Grant Thornton's report shows that while in some respects, Woking's reckless excess was on a different scale to CCC, there are still many similarities, not least the conduct of the senior management team at the time, which in Woking's case have all been replaced:

"The senior management team of the Council was made up of the former Chief Executive, the former Deputy Chief Executive, the former Monitoring Officer and the former s151 Officer. The complementary knowledge, experience, powers and duties of each of the former senior officers should, between them, have been sufficient to have in place arrangements to safeguard the interests of the Council and ensure that its finances were managed prudently, and that all its actions were lawful.

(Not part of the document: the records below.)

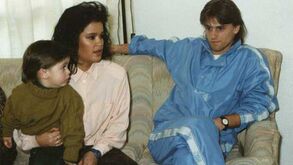 Jovens à procura de honrar nome nobre da família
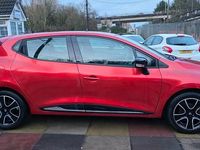 Used Renault Clio IV Dynamique 2016 Red Hatchback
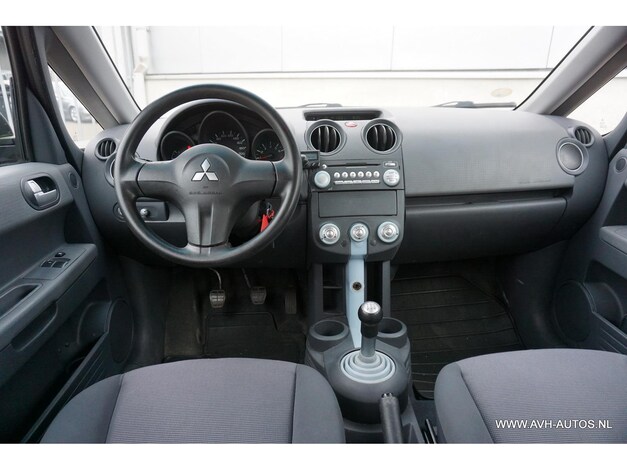 Mitsubishi-Colt
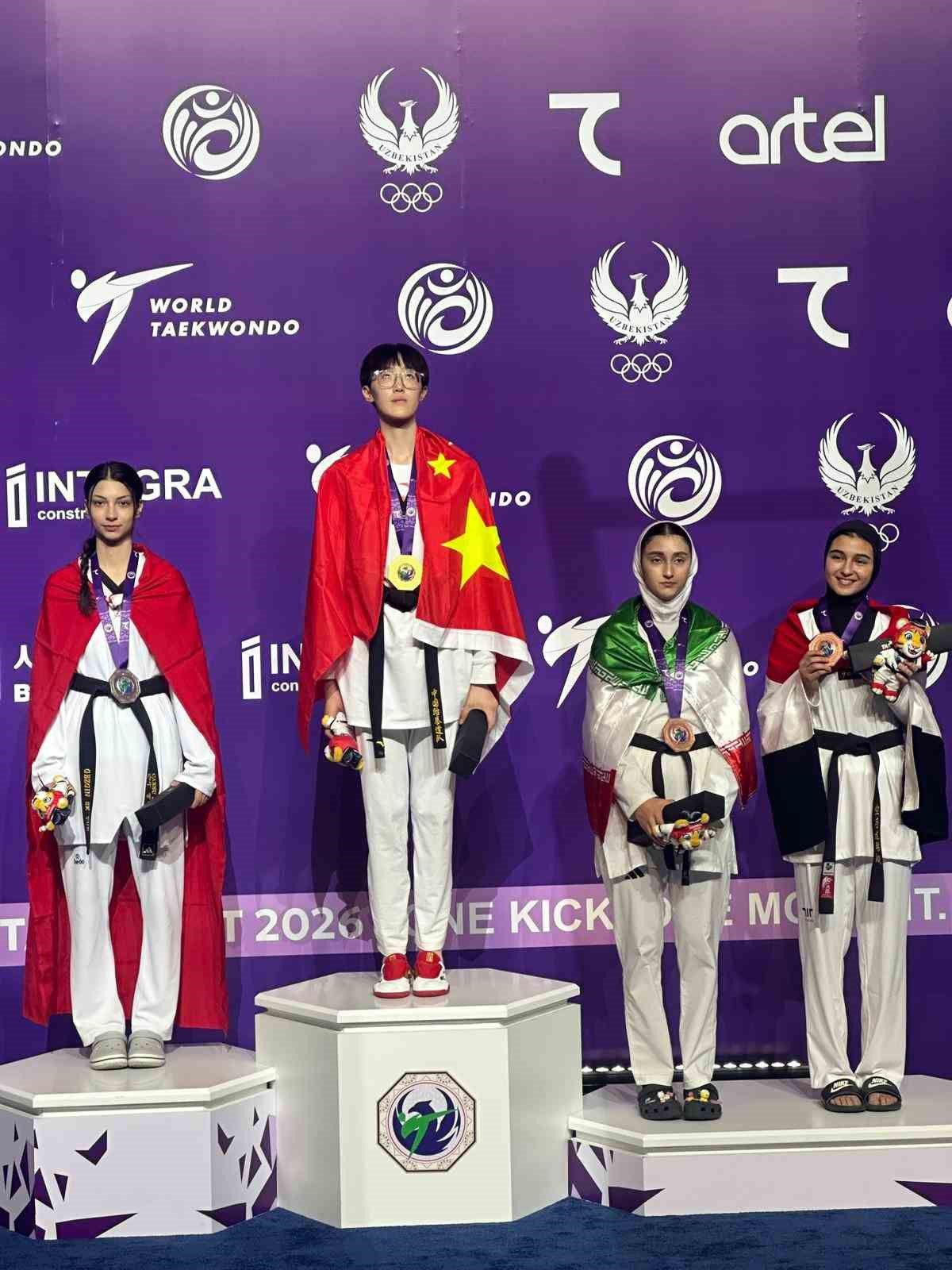 Aydınlı sporcu ülkeyi gururlandırdı
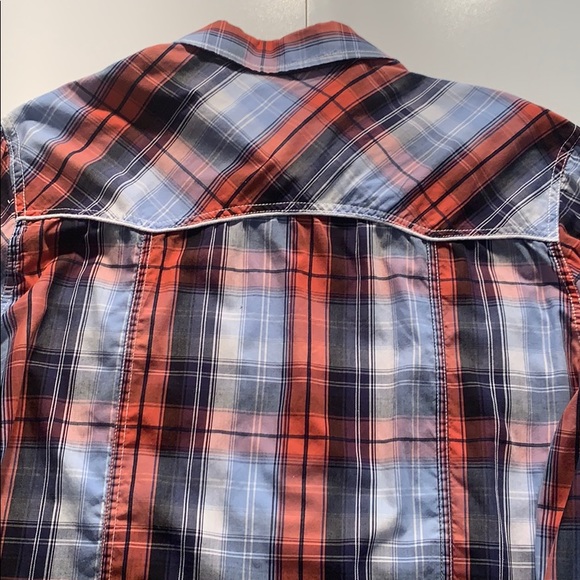 Men’s Country Inspired Plaid Button-Down Shirt - Picture 6 of 10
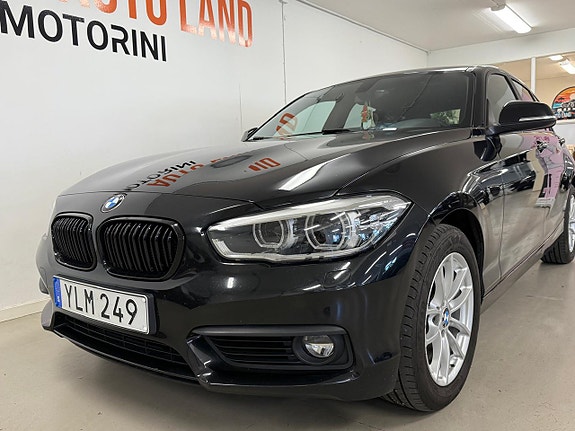 BMW 118d 2 of 5
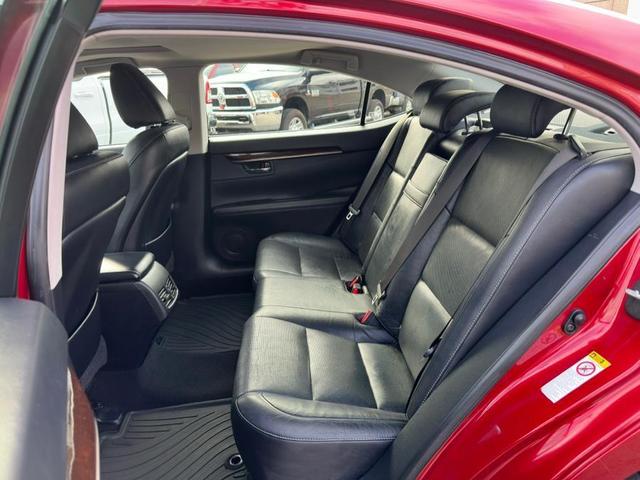 Photo of 2013 Matador Red Mica Lexus ES 350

Each member of this team should have been able to challenge the others if actions were proposed which would contravene the laws and regulations under which each operates or damage the interests of the Council."

At CCC, why did the Monitoring Officer approve the £6.3m loan last July?  Why did the Executive Director of Resources and Finance conceal important information about This Land's financial and cashflow positions last year from elected members?  Why is the response to This Land's worsening financial position always to throw more taxpayer money at it, rather than consider winding it up before the losses become even greater?  Is it not currently trading whilst effectively insolvent?  And why has CCC's Chief Executive Officer, Dr Stephen Moir (who attended the 9th July 2024 meeting) not challenged the behaviour of the two other statutory officers whom he appointed?  Does he too think that in spite of all the evidence to date, This Land will soon begin making super massive profits and will repay all the interest and £120m of loan principal between now and January 2029?

At the time of writing there is no sign of This Land's 2024 business plan, and its accounts for 2023/24 are now overdue on Companies House.  With elected members also asleep at the wheel, what is it going to take to make someone in authority do the right thing?